→ **Provided information**:
○ ○ ○

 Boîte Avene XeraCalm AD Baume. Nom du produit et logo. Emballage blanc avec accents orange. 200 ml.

○ ○ ○

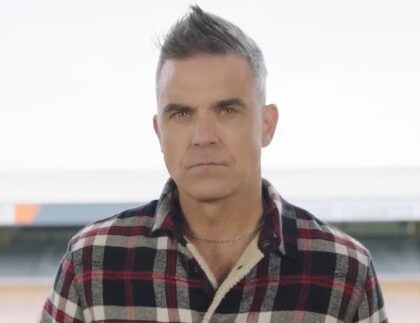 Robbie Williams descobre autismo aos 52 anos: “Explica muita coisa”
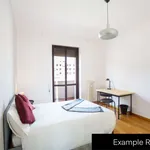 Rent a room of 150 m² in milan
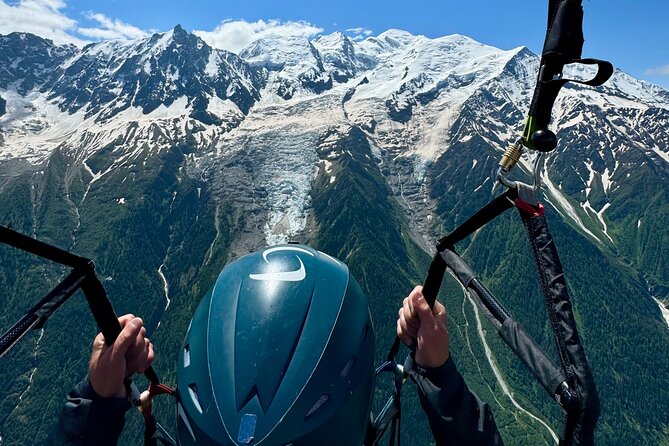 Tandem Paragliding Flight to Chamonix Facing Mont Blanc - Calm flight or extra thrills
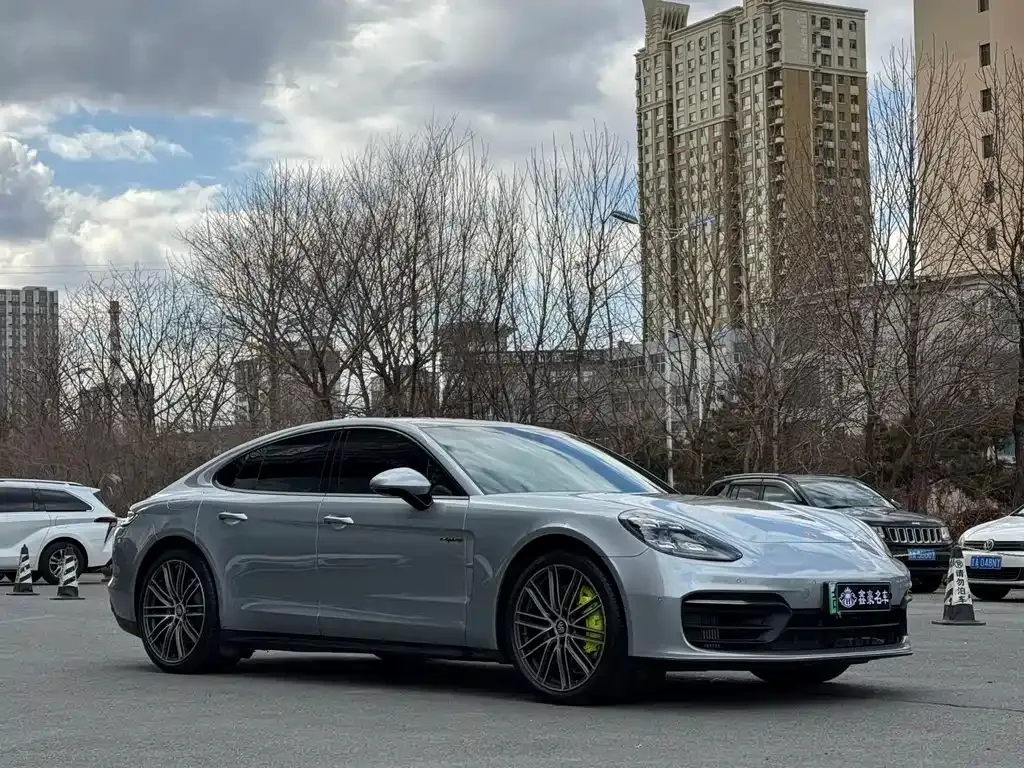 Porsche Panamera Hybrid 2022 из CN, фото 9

○ ○ ○

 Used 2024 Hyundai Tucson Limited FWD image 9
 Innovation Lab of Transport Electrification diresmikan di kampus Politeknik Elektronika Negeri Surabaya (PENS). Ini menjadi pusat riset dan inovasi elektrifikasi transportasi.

○ ○ ○

→ **Work instructions**: Starting at the line above that has "Rent a room of 150 m² in milan" and ending at the line that has "Porsche Panamera Hybrid 2022 из CN, фото 9", copy each line exactly, leaving the pictures out and adding nothing.

→ **Task result**:
 Rent a room of 150 m² in milan
 Tandem Paragliding Flight to Chamonix Facing Mont Blanc - Calm flight or extra thrills
 Porsche Panamera Hybrid 2022 из CN, фото 9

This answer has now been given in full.